* [DATA SECTION]:
# # # # # # #

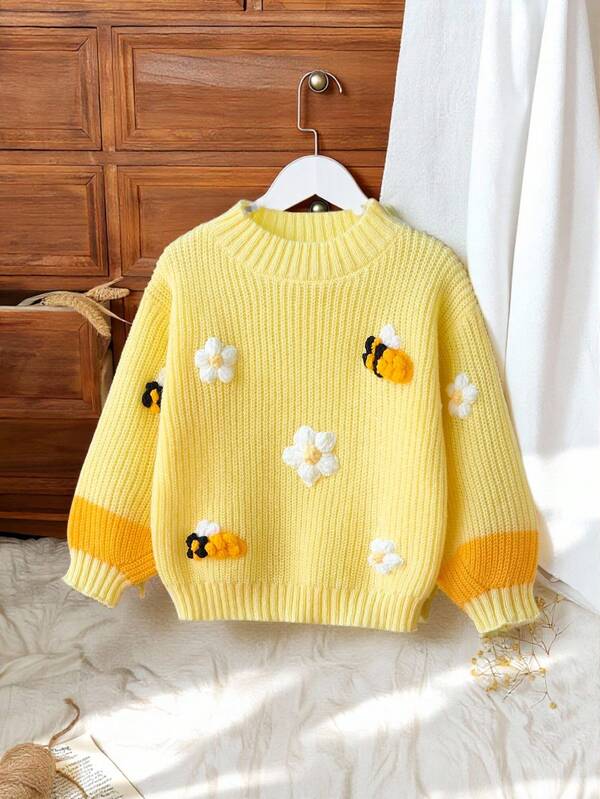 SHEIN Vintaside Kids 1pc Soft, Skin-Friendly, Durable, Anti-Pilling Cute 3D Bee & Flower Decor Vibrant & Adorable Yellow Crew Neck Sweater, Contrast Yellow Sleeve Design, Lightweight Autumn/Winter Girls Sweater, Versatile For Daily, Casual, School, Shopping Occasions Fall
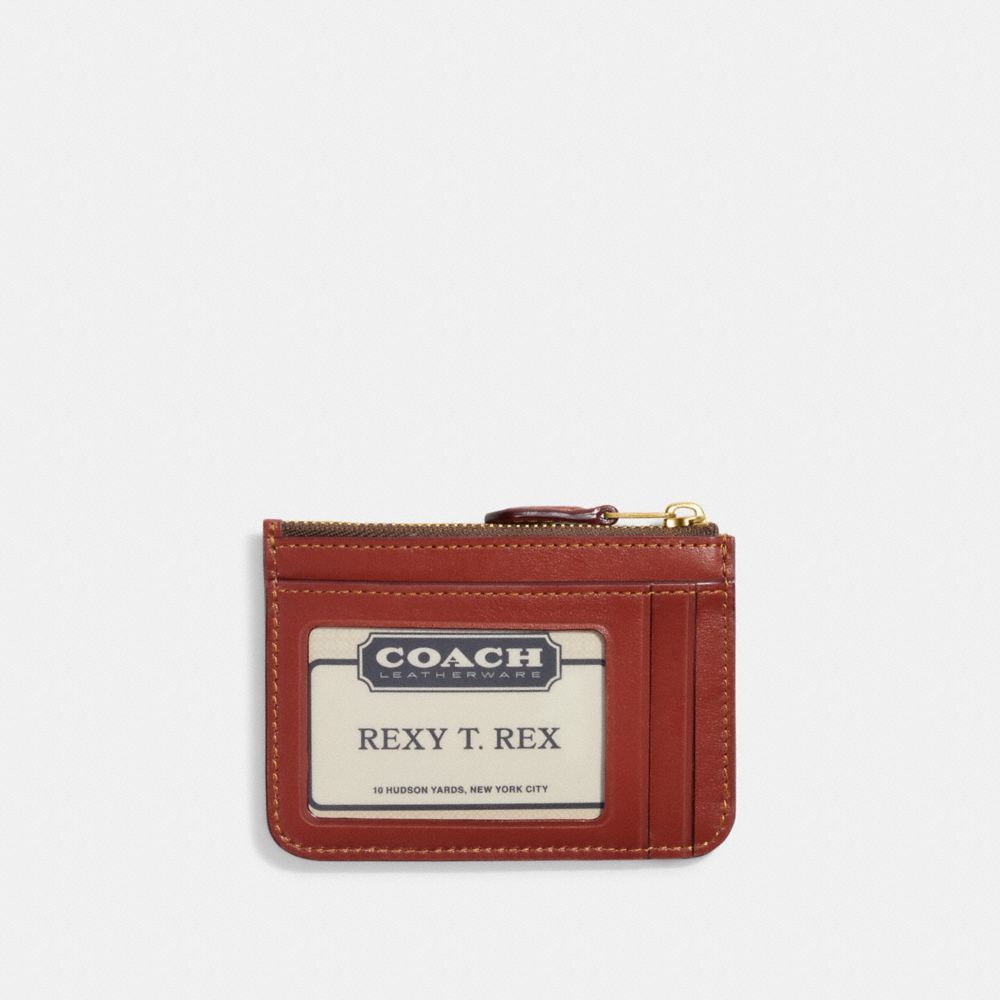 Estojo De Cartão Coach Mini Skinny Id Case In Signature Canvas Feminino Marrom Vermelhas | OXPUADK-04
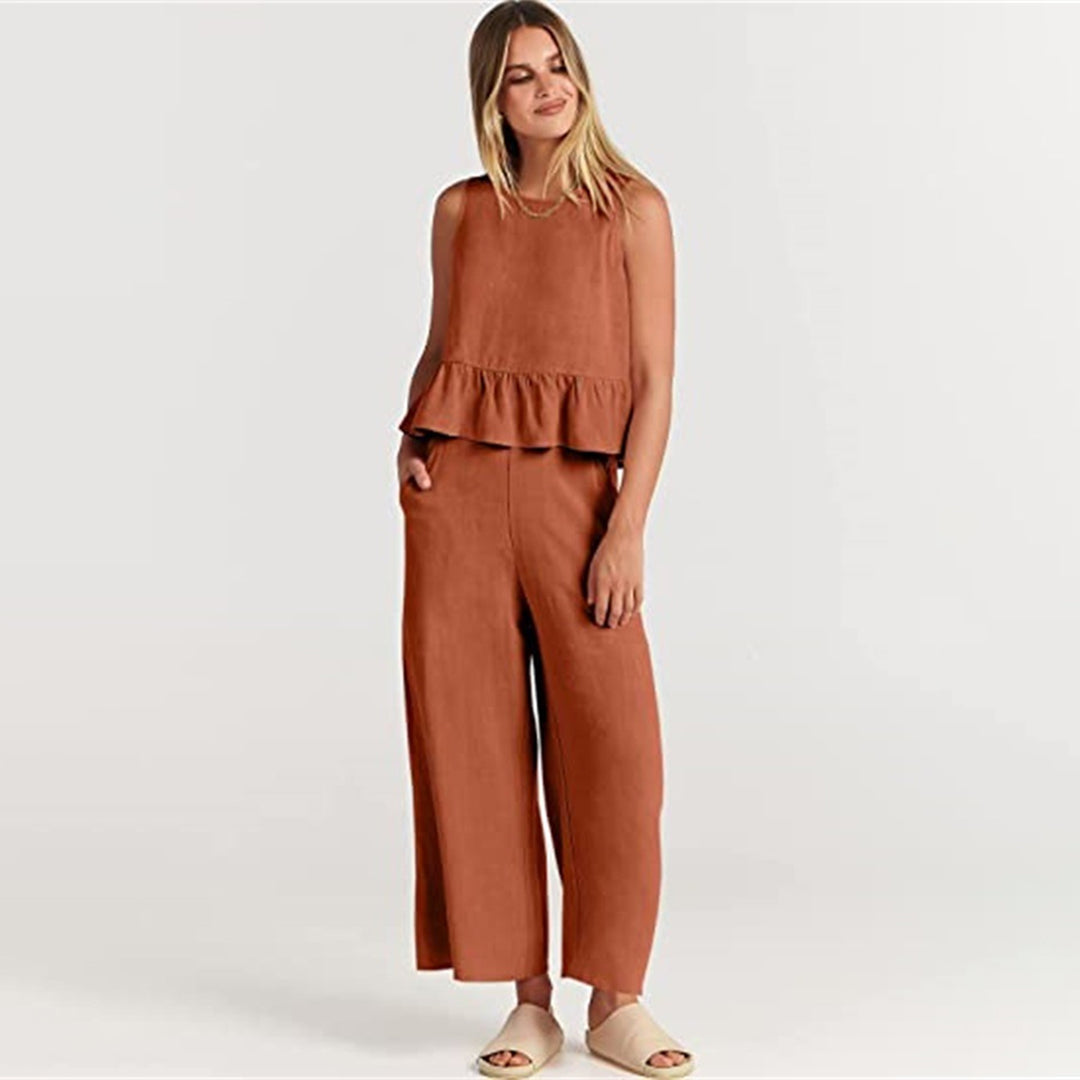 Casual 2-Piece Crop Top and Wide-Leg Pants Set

# # # # # # #

* [EXERCISE INSTRUCTIONS]:
Write out every line above exactly, minus images.

* [RESULT]:
 SHEIN Vintaside Kids 1pc Soft, Skin-Friendly, Durable, Anti-Pilling Cute 3D Bee & Flower Decor Vibrant & Adorable Yellow Crew Neck Sweater, Contrast Yellow Sleeve Design, Lightweight Autumn/Winter Girls Sweater, Versatile For Daily, Casual, School, Shopping Occasions Fall
 Estojo De Cartão Coach Mini Skinny Id Case In Signature Canvas Feminino Marrom Vermelhas | OXPUADK-04
 Casual 2-Piece Crop Top and Wide-Leg Pants Set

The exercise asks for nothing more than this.